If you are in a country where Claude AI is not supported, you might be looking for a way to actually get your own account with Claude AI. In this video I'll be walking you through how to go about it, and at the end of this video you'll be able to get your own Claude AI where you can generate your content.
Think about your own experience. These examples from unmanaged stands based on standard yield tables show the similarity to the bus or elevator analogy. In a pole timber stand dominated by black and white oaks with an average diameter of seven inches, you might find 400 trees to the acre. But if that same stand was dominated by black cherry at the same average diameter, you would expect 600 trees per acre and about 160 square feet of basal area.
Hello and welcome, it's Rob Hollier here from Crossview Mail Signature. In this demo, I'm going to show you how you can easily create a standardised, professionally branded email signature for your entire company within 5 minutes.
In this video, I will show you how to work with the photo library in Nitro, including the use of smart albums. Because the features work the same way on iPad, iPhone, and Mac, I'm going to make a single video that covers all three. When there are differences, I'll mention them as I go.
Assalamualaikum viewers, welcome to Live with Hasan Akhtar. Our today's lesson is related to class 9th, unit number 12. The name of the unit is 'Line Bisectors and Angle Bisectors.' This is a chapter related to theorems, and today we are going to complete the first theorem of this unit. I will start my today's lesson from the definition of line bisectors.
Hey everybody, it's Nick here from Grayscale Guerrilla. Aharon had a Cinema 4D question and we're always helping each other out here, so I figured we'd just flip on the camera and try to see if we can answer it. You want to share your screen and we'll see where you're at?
○ ○ ○
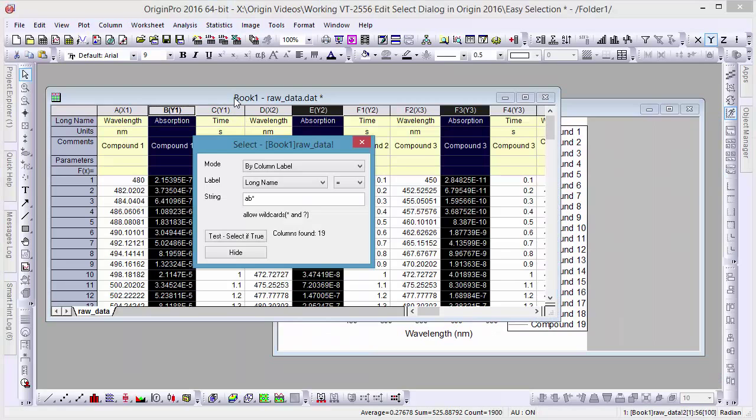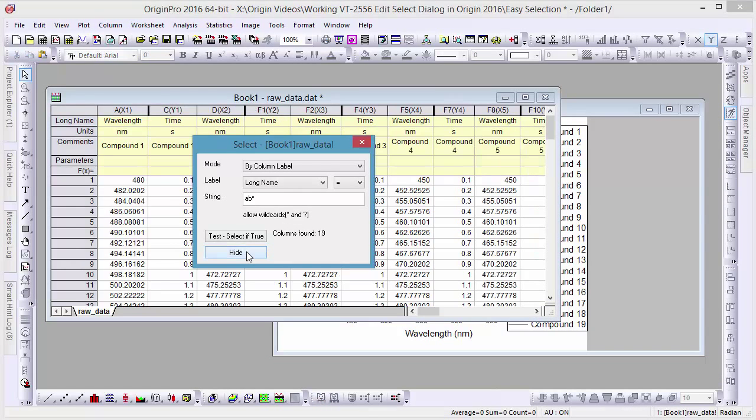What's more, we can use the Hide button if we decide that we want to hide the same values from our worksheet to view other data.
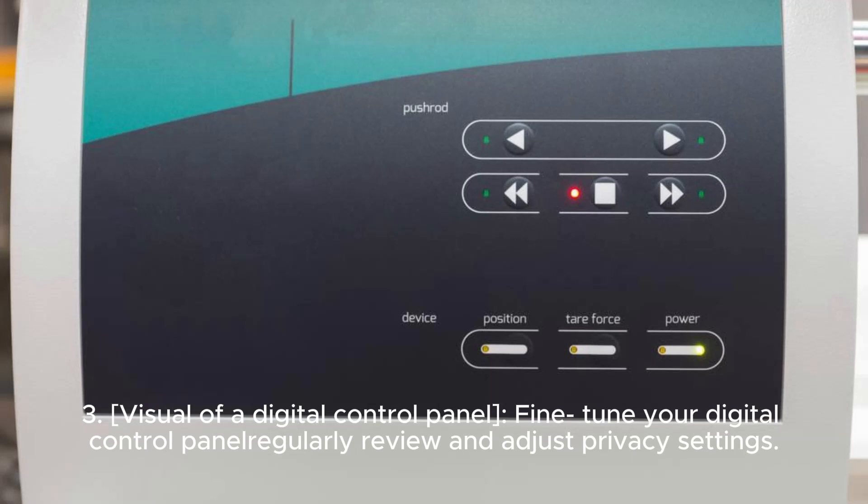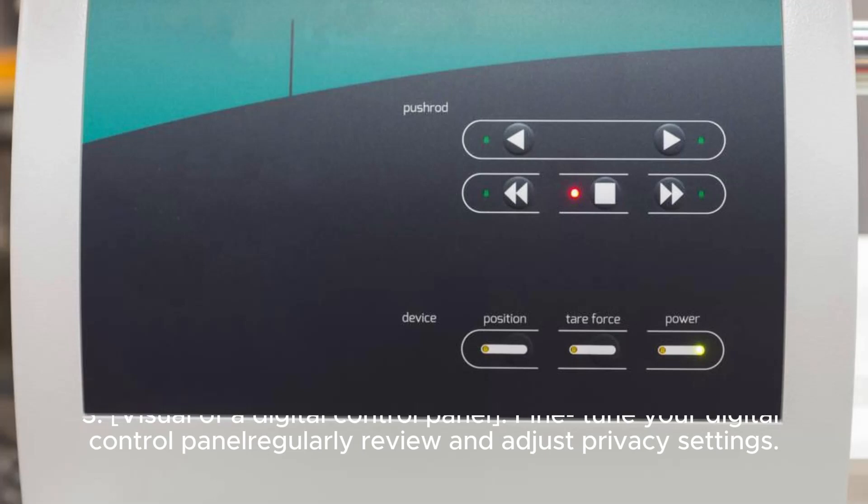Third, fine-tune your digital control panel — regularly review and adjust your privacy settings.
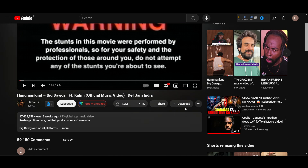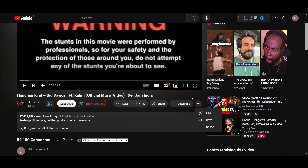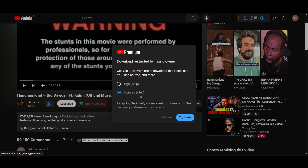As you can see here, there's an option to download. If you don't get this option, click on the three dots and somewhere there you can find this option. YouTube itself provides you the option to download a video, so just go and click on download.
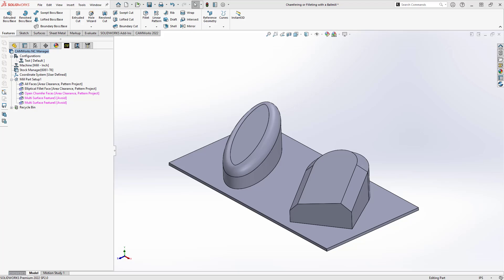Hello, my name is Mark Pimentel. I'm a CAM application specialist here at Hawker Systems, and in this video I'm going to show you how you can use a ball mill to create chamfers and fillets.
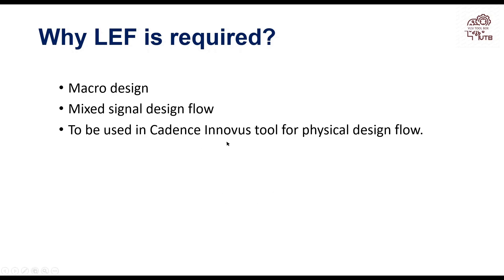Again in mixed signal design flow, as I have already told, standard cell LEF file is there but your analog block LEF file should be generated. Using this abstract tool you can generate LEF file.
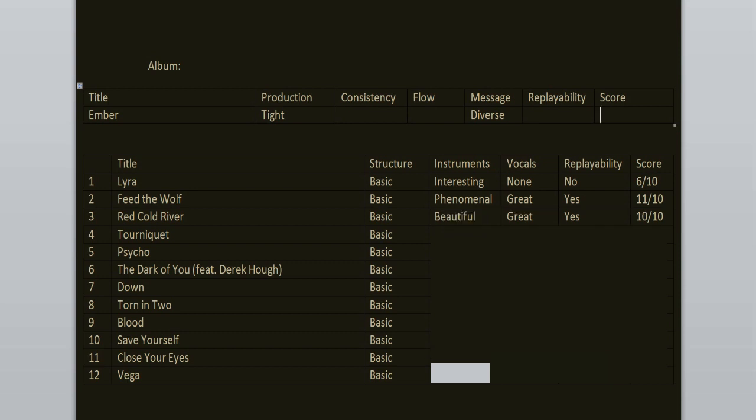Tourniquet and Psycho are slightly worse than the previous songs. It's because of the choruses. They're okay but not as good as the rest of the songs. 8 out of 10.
○ ○ ○
▶ **PROBLEM STATEMENT**: Every line above in the stretch from the one with "What's more, we" through the one with "As you can see" is to be transcribed exactly, ends included. No picture is copied.

▶ **RESULT OF THE TASK**:
What's more, we can use the Hide button if we decide that we want to hide the same values from our worksheet to view other data.
Third, fine-tune your digital control panel — regularly review and adjust your privacy settings.
As you can see here, there's an option to download. If you don't get this option, click on the three dots and somewhere there you can find this option. YouTube itself provides you the option to download a video, so just go and click on download.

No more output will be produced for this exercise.